Естественно, как важно для нас представлять себе направление этой дороги. Момент, когда она образовалась, откуда и куда благодаря Пушкину пошла, продолжает занимать нас и в юбилеи и без них, потому что дорога эта, конечно, далеко не кончена, и в первом се обозначении до сих пор выявляются многие возможности, к которым возвращается мысль.
Они и видны здесь более наглядно, так как литература, нащупывая их, начинала все заново. В 1834 году Пушкин пишет «о ничтожестве литературы русской», то есть повторяет то, что говорят вокруг него многие: Надеждин, И. Киреевский, Веневитинов, Белинский; – «у нас нет литературы». Ее действительно нет в сравнении с развитой классикой других народов. Зато, обозрев их и учтя, она может начать с высшей точки сразу, показав, что у нас есть в направлении того, что может или должно быть. Эту задачу Пушкин с начала пути осознает как нечто вполне себе посильное, хотя и проблематичное:
Перед ним три классически развитые и достигшие в своем роде совершенства идеи. Каждая из них является исторически проверенным путем, принесшим свои результаты и наложившим ясную печать на национальный стиль. В самом грубом определении это французский рационализм, немецкое романтическое презрение «духа» к жизни и английский практицизм.
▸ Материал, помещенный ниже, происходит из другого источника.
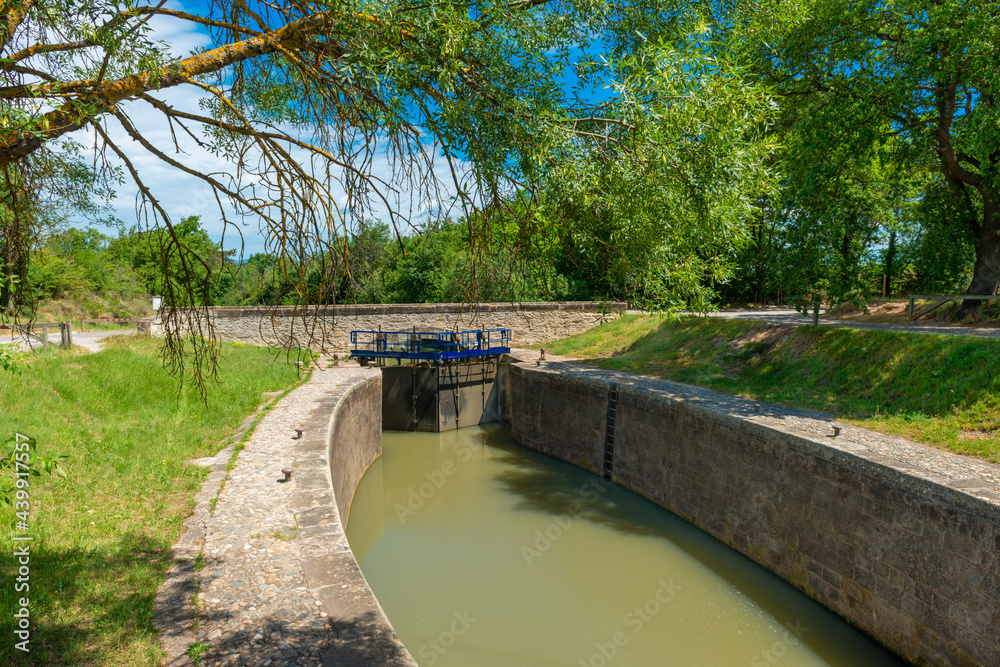The scenic view of the Ecluse Saint Martin on the Canal du Midi, in the South of France The scenic view of the Ecluse Saint Martin on the Canal du Midi, in the South of France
Они лучше других знакомы в России, с ними общаются, они имеют и бытовые соответствия (как, если оставаться в пределах пушкинских примеров, «геттингенская душа» Ленского, англоман Муромский, «милорды Уоронцовы», и т. п.). Конечно, в круговой ориентации пушкинской идеи очень многое значат и другие, особенно восточные стили, добирающиеся в своем влиянии до основ мировоззрения (например, презрение к смерти, которому он, по его словам, «обязан пребыванию… между азиатцами», VIII, 72), а также общие состояния европейской литературы, выраженные, например, в понятии «байронизм». Но эти – сильнейшие и наиболее устойчивые, фундаментальные, стратегические. Рождающаяся новая мысль никак не может их обойти и по отношению к ним просто обязана занять какую-то позицию, если хочет двинуться вперед.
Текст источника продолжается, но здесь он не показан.